### What you are asked to do
Reproduce the entries in full and exactly. Pictures stay out.

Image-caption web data

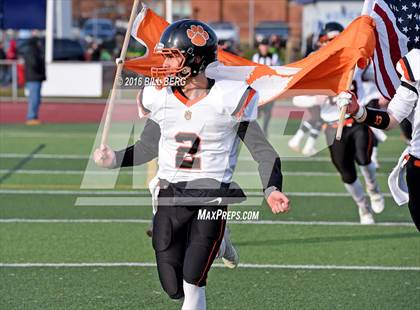 Thumbnail 1 in Darien vs. Ridgefield (CIAC Class LL Final) photogallery.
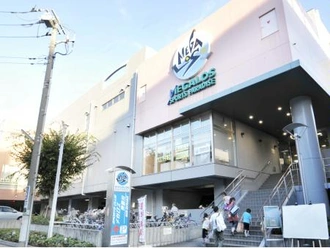 メガロス神奈川店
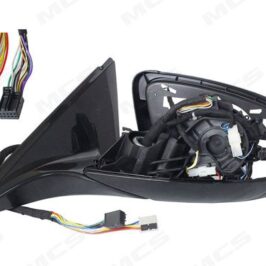 RETROVISORE SX ELETTRICO ABBATTIBILE C/MEMORIA+LUCE CORTESIA S/CALOTTA PER MERCEDES CLASSE S W222 09/2013-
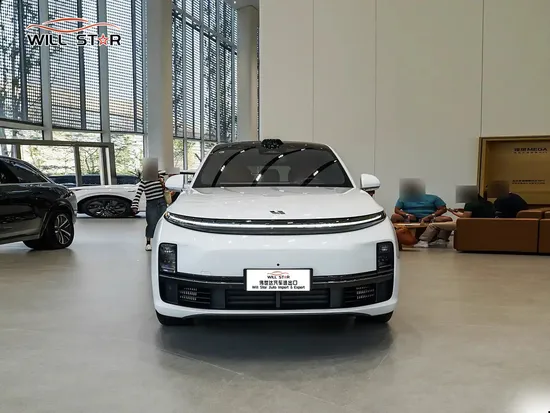 Lixiang L7 Medium and Large Extended-Range Leading SUV Used Li Electric Auto Cheap New Car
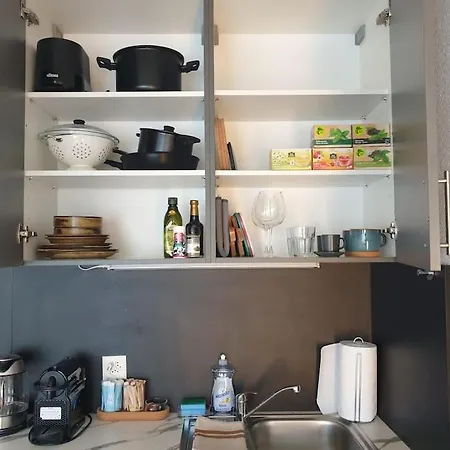 Apartment Beautiful Small El Silencio *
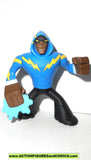 dc universe action league BLACK LIGHTNING brave and the bold toy figure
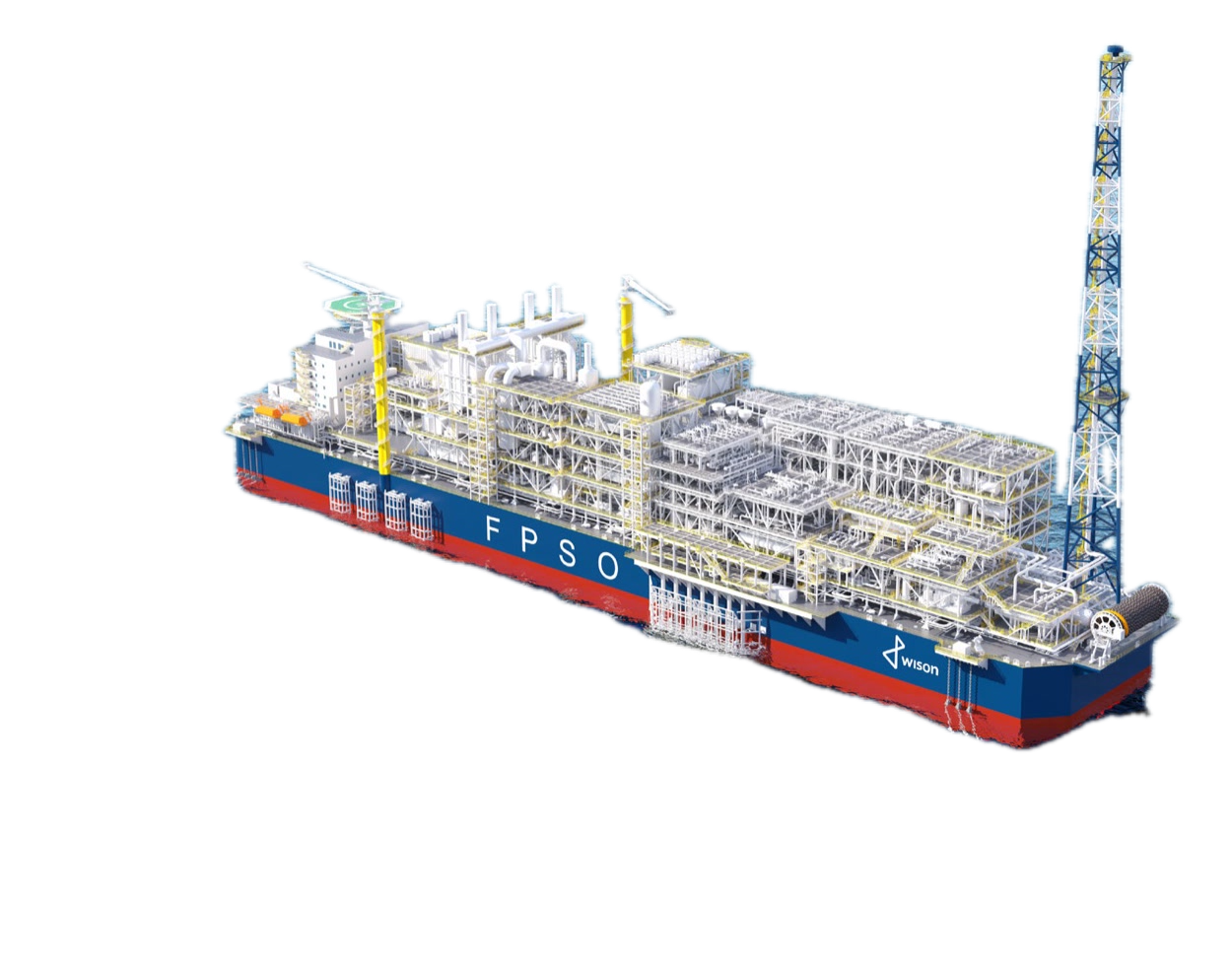 Wison FPSO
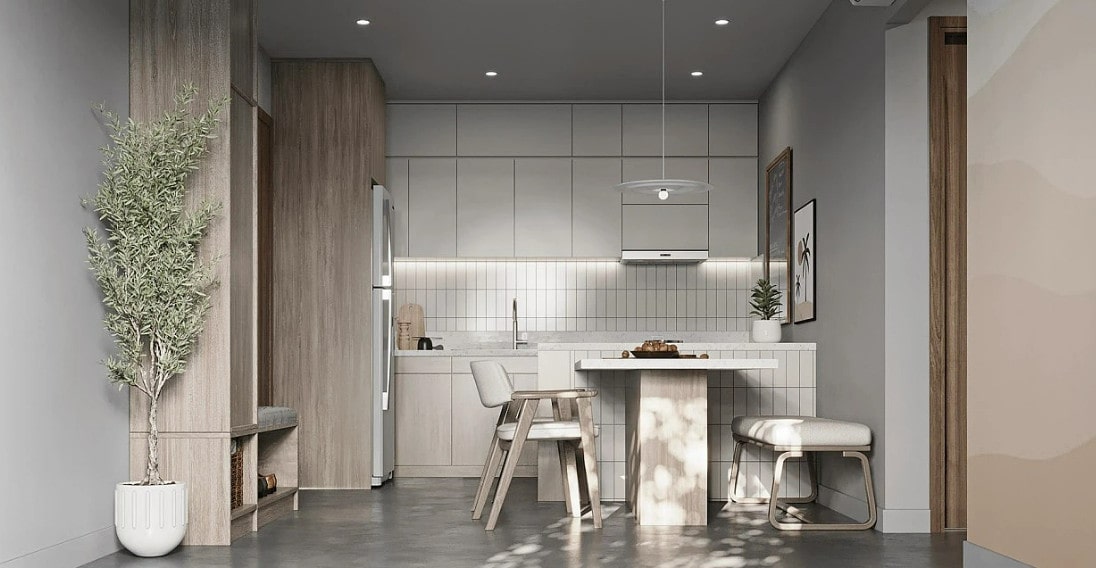 thi công nội thất chung cư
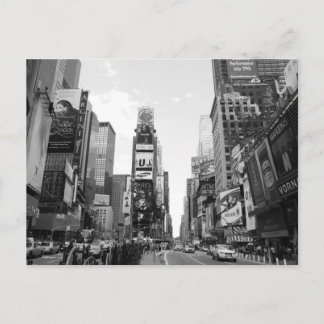タイムズ・スクエア ポストカード
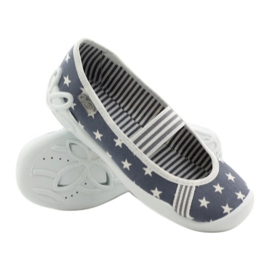 Chaussures enfant Befado 193X064 gris 3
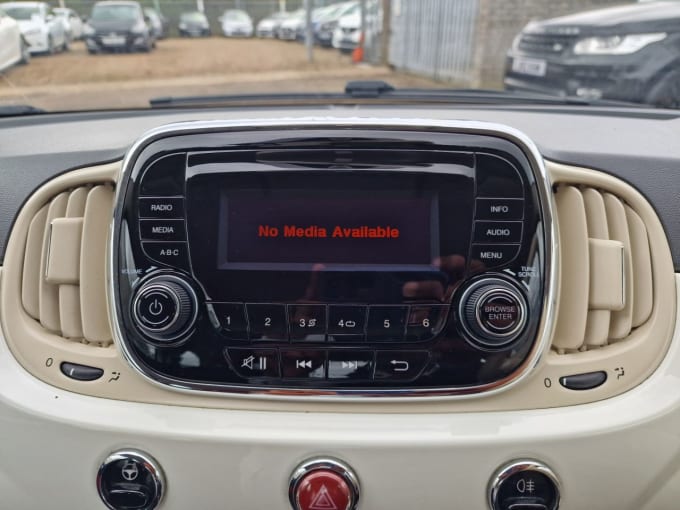 2025 Fiat 500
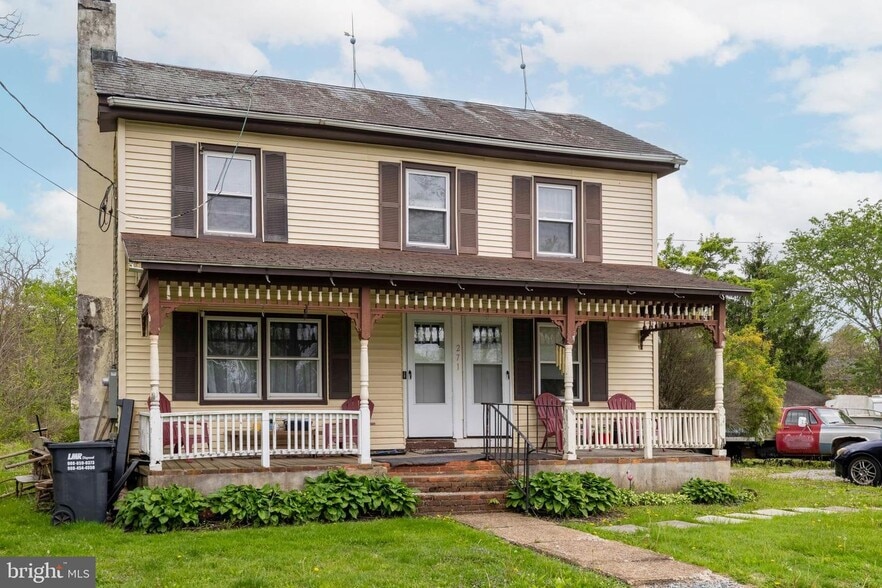 271 Old Croton Rd, Flemington, NJ à vendre - Photo du bâtiment - Image 1 de 16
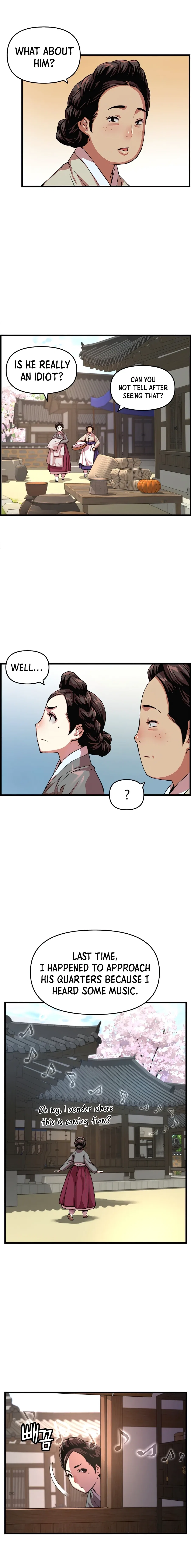 I Shall Live As a Prince Chapter 52 – Page 5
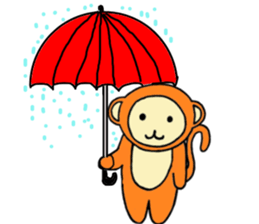 Zinnia sticker #3255403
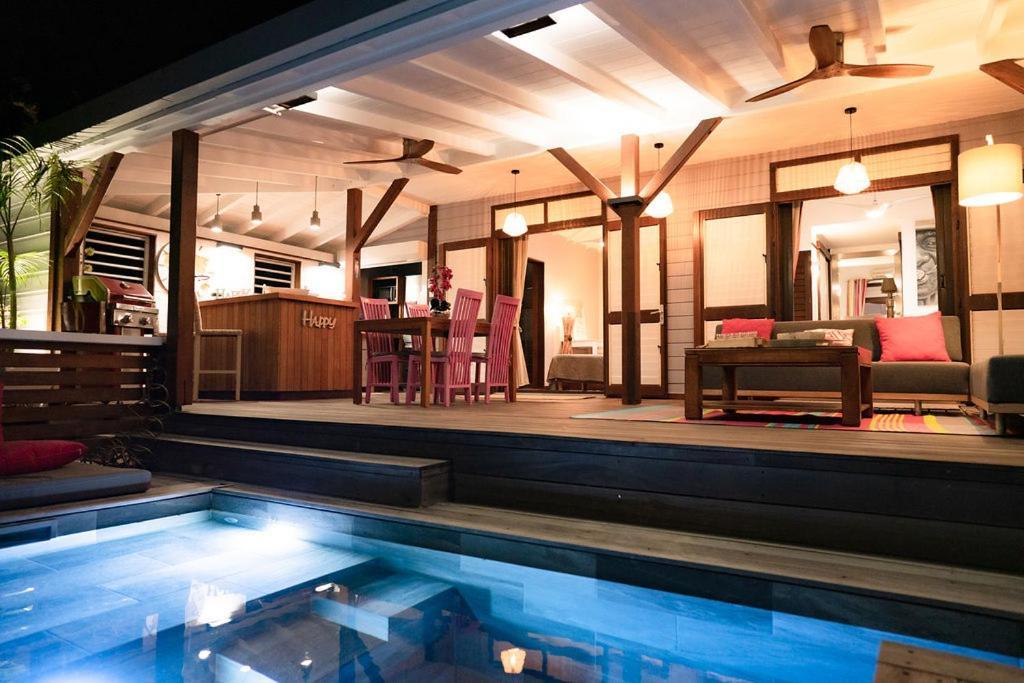Happy With Private Pool Holiday home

### Task result
 Thumbnail 1 in Darien vs. Ridgefield (CIAC Class LL Final) photogallery.
 メガロス神奈川店
 RETROVISORE SX ELETTRICO ABBATTIBILE C/MEMORIA+LUCE CORTESIA S/CALOTTA PER MERCEDES CLASSE S W222 09/2013-
 Lixiang L7 Medium and Large Extended-Range Leading SUV Used Li Electric Auto Cheap New Car
 Apartment Beautiful Small El Silencio *
 dc universe action league BLACK LIGHTNING brave and the bold toy figure
 Wison FPSO
 thi công nội thất chung cư
タイムズ・スクエア ポストカード
 Chaussures enfant Befado 193X064 gris 3
 2025 Fiat 500
 271 Old Croton Rd, Flemington, NJ à vendre - Photo du bâtiment - Image 1 de 16
 I Shall Live As a Prince Chapter 52 – Page 5
 Zinnia sticker #3255403
Happy With Private Pool Holiday home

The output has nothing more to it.